When Gov. Bob McDonnell is mentioned as a potential running mate for the Republican ticket in 2012, he’s invariably described in the same fashion: popular, attractive and leader of a state critical to President Obama’s re-election bid. And McDonnell has positioned himself to be a part of the conversation. At a Republican gathering in New Hampshire Monday, McDonnell blasted Obama while skirting questions about the GOP presidential hopefuls and Texas Gov. Rick Perry’s poor debate performance. McDonnell also invited Mitt Romney and the rest of the field to visit Virginia after accommodating his friend Perry earlier this month.
McDonnell continues to play coy when asked the question — “You don’t run for vice president, that’s up to the presidential nominee. I’m not thinking about it,” he said during an appearance on WTOP the morning after his New Hampshire speech — but he also told Politico last month that he was “very interested” in the job.

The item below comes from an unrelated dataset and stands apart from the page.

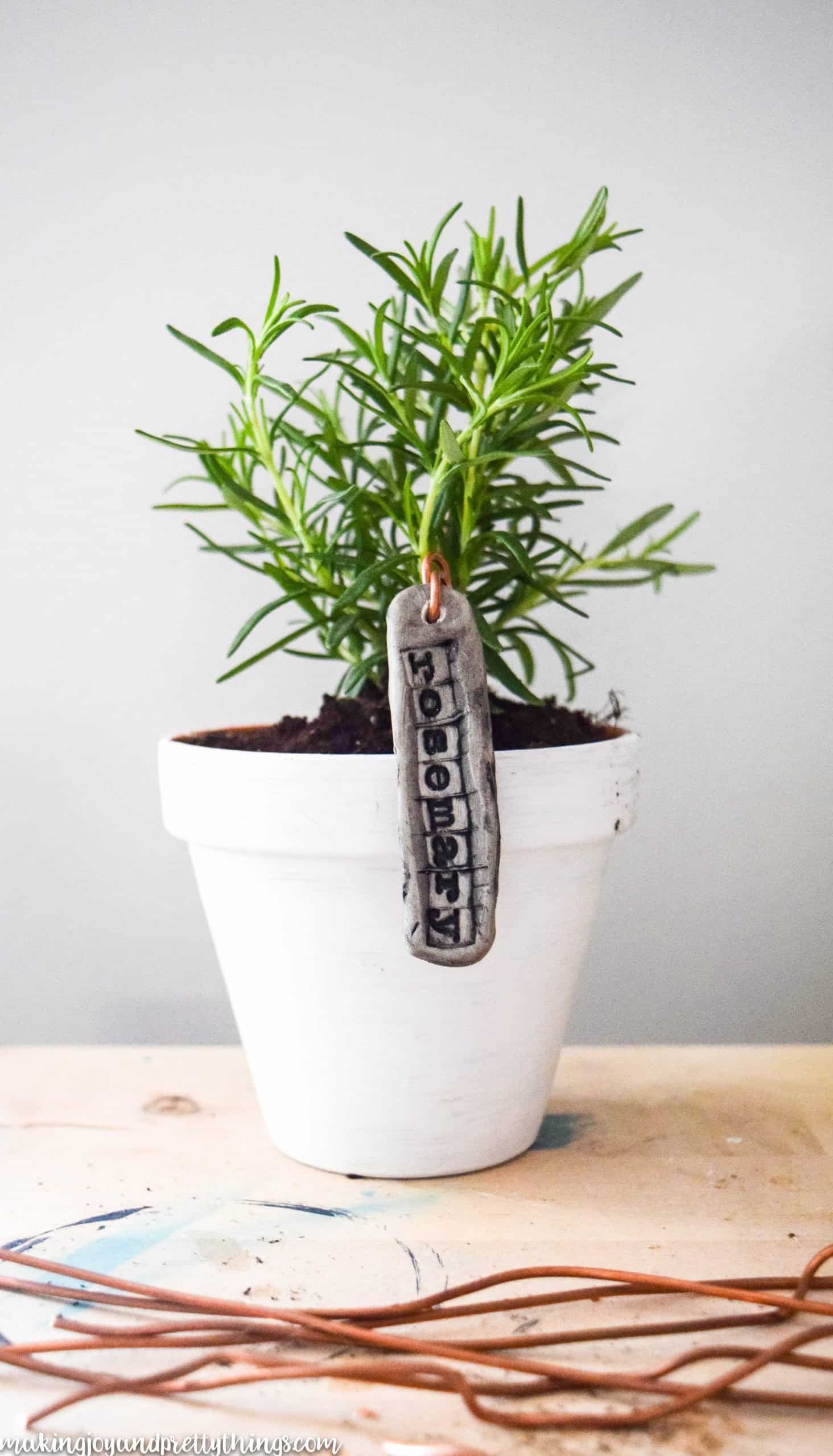 Copper wire laid down before a distressed pot with a garden marker in the potted plant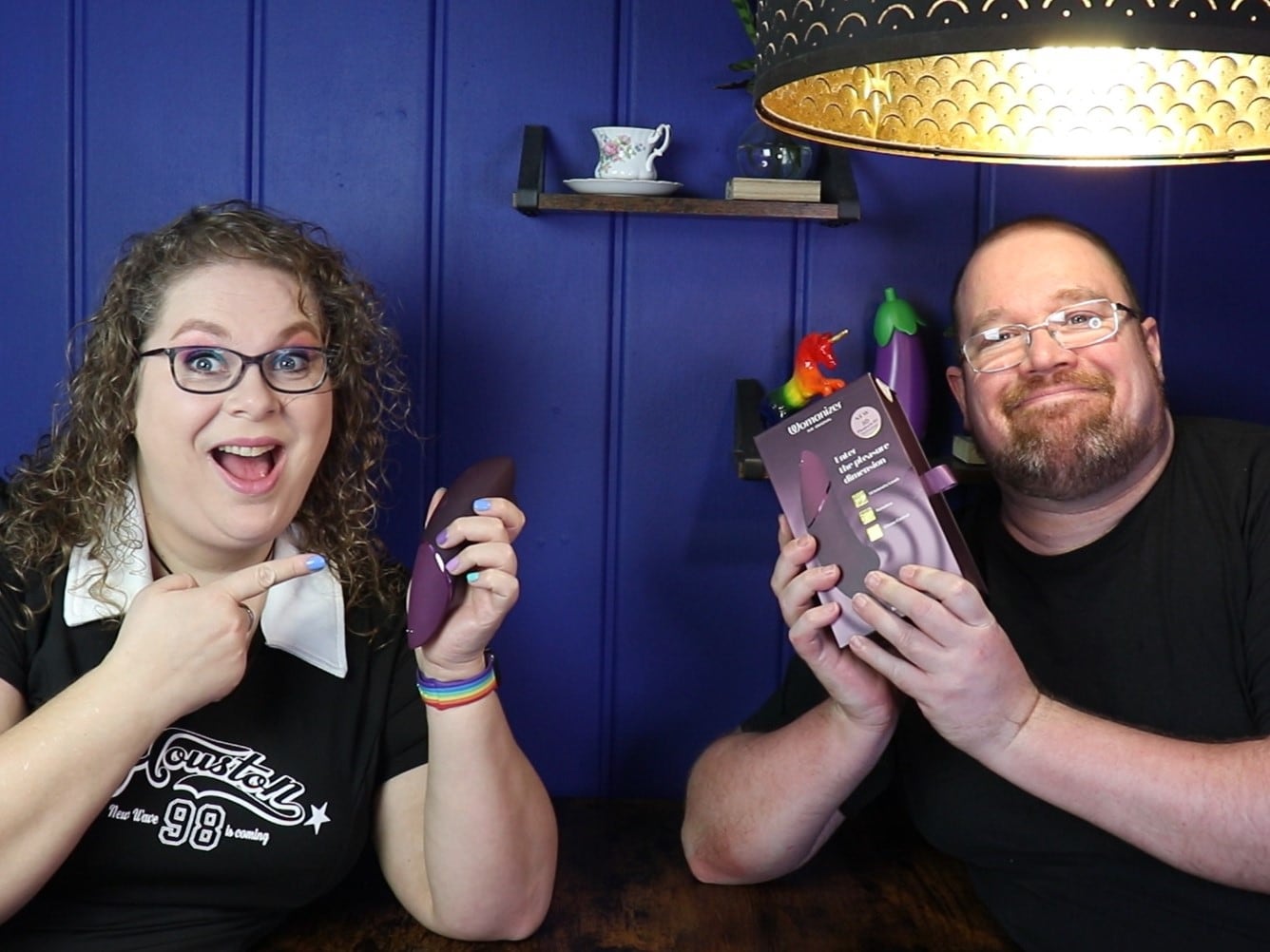 Tess en Jay zitten aan de keukentafel. Tess houdt de Womanizer Next vast en Jay de verpakking.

“He would make a lot of sense in that role,” said New Hampshire House Speaker Bill O’Brien, a Republican. “His presence and ability to clearly state what the issues are, articulate a Republican vision for the future, and on a personal level, I found him to be an easy person to talk with.
“We’re used to seeing presidential candidates come through and those are things we look for,” O’Brien said. “He was exhibiting all of that.”
McDonnell’s ascension to chairman of the Republican Governors Association provides a platform to stump around the country, as he did last year as vice chairman to help in gubernatorial elections, and his proximity to the nation’s capital allows him to take pot shots at the Washington political culture without sounding trite.
But what McDonnell doesn’t have on his side is history. If Romney and Perry are the front-runners heading into 2012, it puts McDonnell at a disadvantage, even as he publicly states he would entertain the idea. Not since 1948, when Republican nominee Thomas Dewey tapped California Gov. Earl Warren as his running mate, have two governors appeared together on the ballot.
Nor do presidential nominees typically choose vice presidents with little experience. For all the praise, McDonnell is still just 21 months into his first — and only — term as governor.
“Is he ready for prime time on the national stage? One doesn’t know until you’re out there,” said Joel Goldstein, a St. Louis University law professor and author of “The Modern American Vice Presidency: The Transformation of a Political Institution.” “He can make speeches in New Hampshire and invite people into Virginia, but he’s a bit of an unknown.”
It’s the same reason, Goldstein said, that Obama ultimately passed over then-Virginia Gov. Tim Kaine as his running mate on the 2008 Democratic ticket.
For all their political differences, Kaine, like McDonnell, was popular, attractive and leading an important state. But the lack of experience came into play, which is why Obama picked then-Sen. Joe Biden to be his No. 2, and Kaine got a phone call informing him he narrowly missed out.
That doesn’t mean a McDonnell VP nod is out of the question. Governors often choose Washington veterans to help balance the ticket and bring foreign policy experience, but that thinking could fall out of favor in a party catering to a Tea Party-infused base skeptical of D.C. insiders.
“History can be a guide. It can also be a trap,” Goldstein said. “Patterns do get broken. When [Bill] Clinton picked [Al] Gore, two young centrists from the South, that was perceived as a reinforcing selection, not ticket balance in a traditional way, so that was a surprise.”
For McDonnell’s part, he is keeping his options open by withholding his endorsement and continuing to insist he’s focused on his job as governor.
“We’re talking about a hypothetical phone call months from now from a candidate that has yet to be chosen,” spokesman Tucker Martin said.